Rule 23(f) provides that we may permit an appeal only “if a petition for permission to appeal is filed with the circuit clerk within 14 days after the order is entered.” When calculating the deadline, we must “count every day, including intermediate Saturdays, Sundays, and legal holidays.” Fed.R.Civ.P. 6(a)(1)(B). The district court entered its order on December 16, 2009 and Harper’s petition was filed with the circuit clerk on December 31, 2009. Therefore, Harper’s petition was untimely.

We have previously held that Rule 23(f)’s deadline for filing a petition to permit appeal is jurisdictional. McNamara v. Felderhof, 410 F.3d 277, 279-80 (5th Cir. 2005). As noted by other circuits, however, the Supreme Court’s decision in Eberhart v. United States, 546 U.S. 12, 126 S.Ct. 403, 163 L.Ed.2d 14 (2005) “casts doubt on the notion that the timeliness of notices of appeal generally is jurisdictional.” Carpenter v. Boeing, 456 F.3d 1183, 1190 n. 1 (10th Cir.2006) (citations omitted); see also Coco v. Incorporated Village of Belle Terre, New York, 448 F.3d 490, 491-92 (2d Cir.2006) (per curiam) (discussing Eberhart’s effect on whether the timeliness of a petition under Rule 23(f) is jurisdictional).

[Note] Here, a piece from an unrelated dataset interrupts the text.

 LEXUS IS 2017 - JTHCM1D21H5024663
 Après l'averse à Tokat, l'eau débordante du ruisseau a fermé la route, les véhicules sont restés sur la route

However, it is abundantly clear that whether or not the timeliness requirement is jurisdictional, it is “strict and mandatory.” Gutierrez v. Johnson & Johnson, 523 F.3d 187, 192 (3d Cir.2008) (citing Jenkins v. BellSouth Corp., 491 F.3d 1288, 1290 (11th Cir.2007)); see also Coco, 448 F.3d at 491-92 (finding that if Rule 23(f) “is a claim-processing rule, it is quite clearly an ‘inflexible one’ ”). We cannot alter the rules simply because Harper missed the deadline by one day or did not realize that the new rules had taken effect. Accordingly, we dismiss Harper’s petition.

DISMISSED. 
      
       Pursuant to 5th Cir. R. 47.5, the Court has determined that this opinion should not be published and is not precedent except under the limited circumstances set forth in 5th Cir. R. 47.5.4.
     
      
      . The district court denied Harper's motion to declare the Motion timely and granted American Airlines, Inc.’s ("AA”) motion to strike the Motion. AA argues that the district court's order was not an "order granting or denying class-action certification” under Rule 23(f). Because Harper's petition was untimely, we do not reach this argument.
     
      
      . Rules 23(0 and 6(a)(1)(B) were amended effective December 1, 2009 to provide for a fourteen day deadline including Saturdays, Sundays, and legal holidays. The old rules imposed a ten day deadline, excluding Saturdays, Sundays, and legal holidays. Because December 25, 2009 was a legal holiday, the deadline would have been December 31, 2009 under the old rules. Harper argues that because the Supreme Court granted discretion, pursuant to 28 U.S.C. § 2074(a), for courts to apply the new rules to pending cases as "just and practicable,” that we should apply the old rules to his case. However, his argument is not persuasive. A simple change in the calculation of an appellate deadline is not a rule for which we must provide a grace period for litigants to adjust, and the new rules were in place when the district court entered its order on December 16, 2009. Therefore, it is "just and practicable" to apply the new mies. See United Indus., Inc. v. Simon-Hartley, Ltd., 91 F.3d 762, 766 n. 8 (5th Cir. 1996) (finding application of new rules just and practicable where there was no legitimate reason for applying the old rules).